Правда, «Король-Солнце» – это не вполне французское изобретение. С Солнцем отождествлял себя еще римские императоры, и некоторые средневековые монархи пытались возродить это сравнение. Однако со времен папы Григория VII и особенно при Иннокентии III папство решительно пресекало эти попытки. Из книги Бытия оно заимствовало образ двух светил: «И создал Бог два светила великие: светило большее, для управления днем, и светило меньшее, для управления ночью…» Для церкви большим светилом – Солнцем – был папа, светилом меньшим – Луной – император или король. Луна не имеет собственного света, она лишь отражает солнечный свет. Император был главой ночного мира, тогда как миром дневным управлял папа, являющийся его символом. Если вспомнить, что означали день и ночь для средневекового человека, понятно, что вся светская иерархия оказывалась для церкви миром подозрительных сил, теневой частью социального тела.[4]
Но новое время – новая идеология, и корпоративная придворная мысль XVII столетия породит довольно сложную и вместе с тем очень стройную и эстетически выверенную, едва ли не завораживающую своим изяществом, теоретическую конструкцию. В этой конструкции королевский двор предстанет моделью самого неба на земле. Согласно новой идеологии абсолютизма именно он окажется истинным перводвигателем и первоисточником всего того, из чего складывается жизнь государства. Именно он окажется началом, сообщающим смысл любым действиям, предпринимаемым во французском королевстве. Только он будет в состоянии вершить последний (на земле) суд не только над лицами, но и над всеми его институтами. Центральное же место здесь займет сам монарх. Подобие и воплощение Бога на подвластной ему земле, именно он сообщит особое достоинство всем, кто вдруг окажется приближенным к нему, и все приближенные к нему будут править не только буквой освященного им закона, но и тайной магией той харизмы, которая сообщится им при их вознесении на «небо» монаршей власти. А может быть, даже и так: не столько буквой королевских эдиктов, присваивающих им какие-то полномочия, сколько метафизической силой именно этого дарованного им достоинства.

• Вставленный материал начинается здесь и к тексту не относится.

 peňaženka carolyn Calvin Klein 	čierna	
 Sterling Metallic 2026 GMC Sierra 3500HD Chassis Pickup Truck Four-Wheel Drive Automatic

Помпезное величие и пышность Версаля – необходимый элемент именно этой возвышенной и красивой идеологемы: «небо-дворец» обязано затмевать собою решительно все, что только есть на «земле». Титул «Король-Солнце» – во многом тоже отсюда, поскольку здесь дело не только в величии и пышности, новая мифология явно сквозит и здесь. Как Солнце пробуждает жизнь в природе, так и король дает начало всему на согреваемой и освещаемой именно им «земле». Только ему королевство окажется обязанным осмысленностью и регулярностью своего бытия.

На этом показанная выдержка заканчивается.